Para finalizar o tópico, registre-se que o processo de escolha dos árbitros observará critérios isonômicos, técnicos e transparentes (artigo 154 da NLLC), conforme mencionado anteriormente.
Nesse sentido, confira-se o Enunciado 39 da I Jornada de Direito Administrativo, realizada pelo Conselho da Justiça Federal:
Enunciado 39: A indicação e a aceitação de árbitros pela Administração Pública não dependem de seleção pública formal, como concurso ou licitação, mas devem ser objeto de fundamentação prévia e por escrito, considerando os elementos relevantes.

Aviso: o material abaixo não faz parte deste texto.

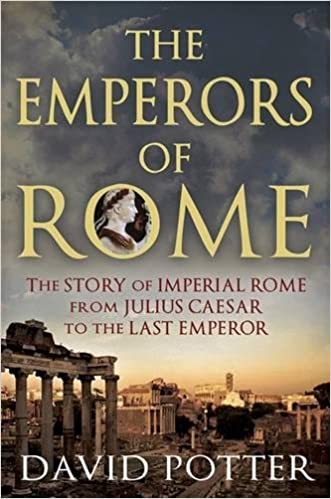 Emperors of Rome: The Story of Imperial Rome from Julius Caesar to the Last Emperor book pdf free download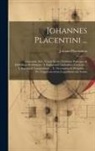 Johann Placentinus - Johannes Placentini ...: Geotomia, Sive, Terrae Sectio, Exhibens Praecipua & Difficiliora Problemata: I. Explorandi Latitudines Locorum ... I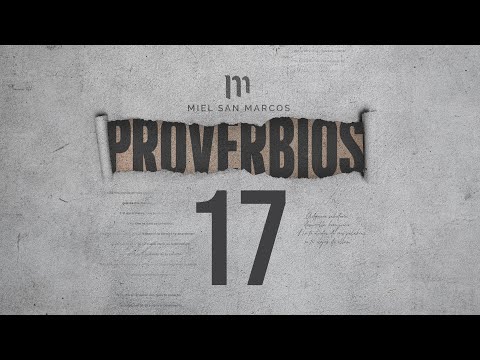 PROVERBIOS 17 con Miel San Marcos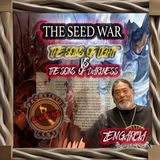 Seed War; Sons of Light vs Sons of Darkness w/ Zen Garcia Teaser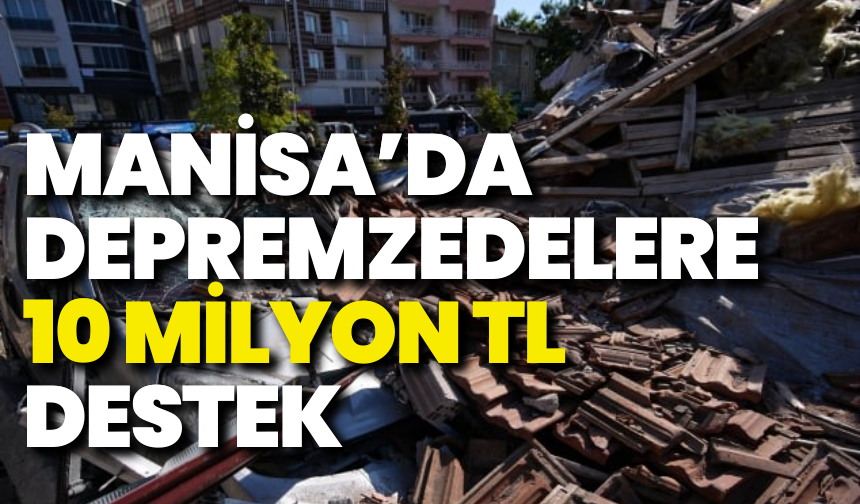 Manisa’daki depremzedelere 10 milyon TL destek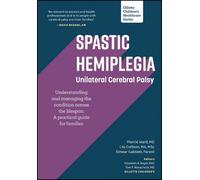 Marcie Ward Lil Spastic Hemiplegia: Unilateral Cerebral Palsy: Under (Tascabile)
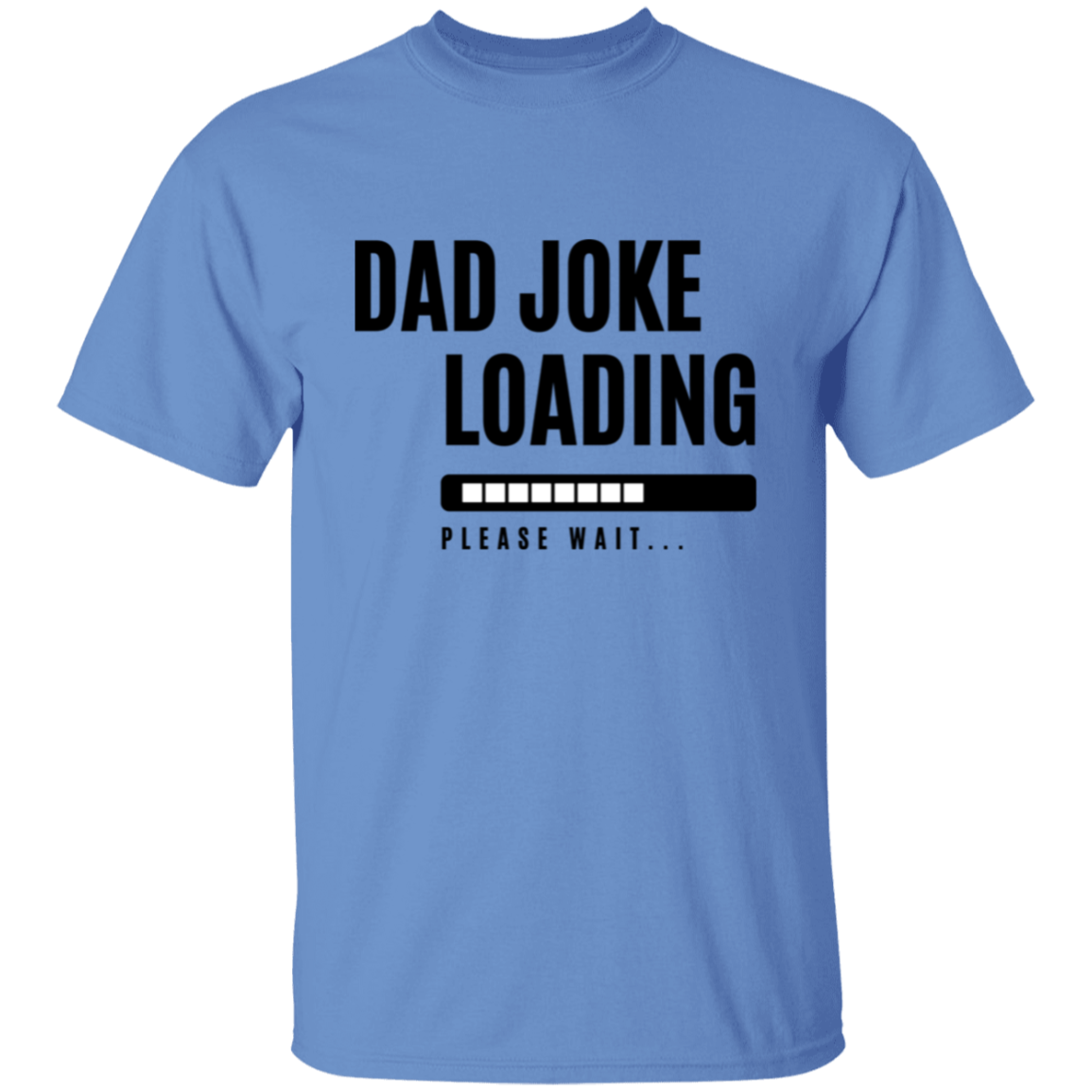 Dad Joke Loading 5.3 oz. T-Shirt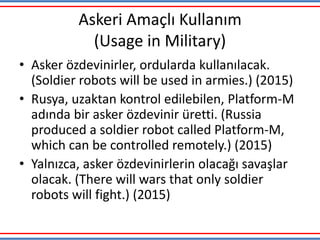 Askeri Amaçlı Kullanım
(Usage in Military)
• Asker özdevinirler, ordularda kullanılacak.
(Soldier robots will be used in armies.) (2015)
• Rusya, uzaktan kontrol edilebilen, Platform-M
adında bir asker özdevinir üretti. (Russia
produced a soldier robot called Platform-M,
which can be controlled remotely.) (2015)
• Yalnızca, asker özdevinirlerin olacağı savaşlar
olacak. (There will wars that only soldier
robots will fight.) (2015)
 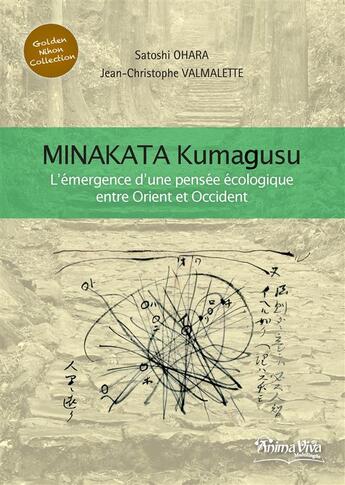 Couverture du livre « Minakata Kumagusu ; l'émergence d'une pensée écologique entre Orient et Occident » de Satoshi Ohara et Jean-Christophe Valmalette aux éditions Animaviva Multilingue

Desse modo, é possível a utilização do credenciamento de árbitros, como observado anteriormente. Tal hipótese assemelha-se à inexigibilidade de licitação, em razão da inviabilidade de competição.
Referências
BRASIL, Lei nº 14.133/2021. Disponível em https://www.planalto.gov.br/ccivil_03/_ato2019-2022/2021/lei/L14133.htm . Acesso em 21.09.2021.
OLIVEIRA, Rafael Carvalho Rezende. Nova Lei de Licitações e Contratos Administrativos. Rio de Janeiro: Forense, 2021.
OLIVEIRA, Rafael Carvalho Rezende. Curso de Direito Administrativo, 9ª ed. Rio de Janeiro. Forense, 2021.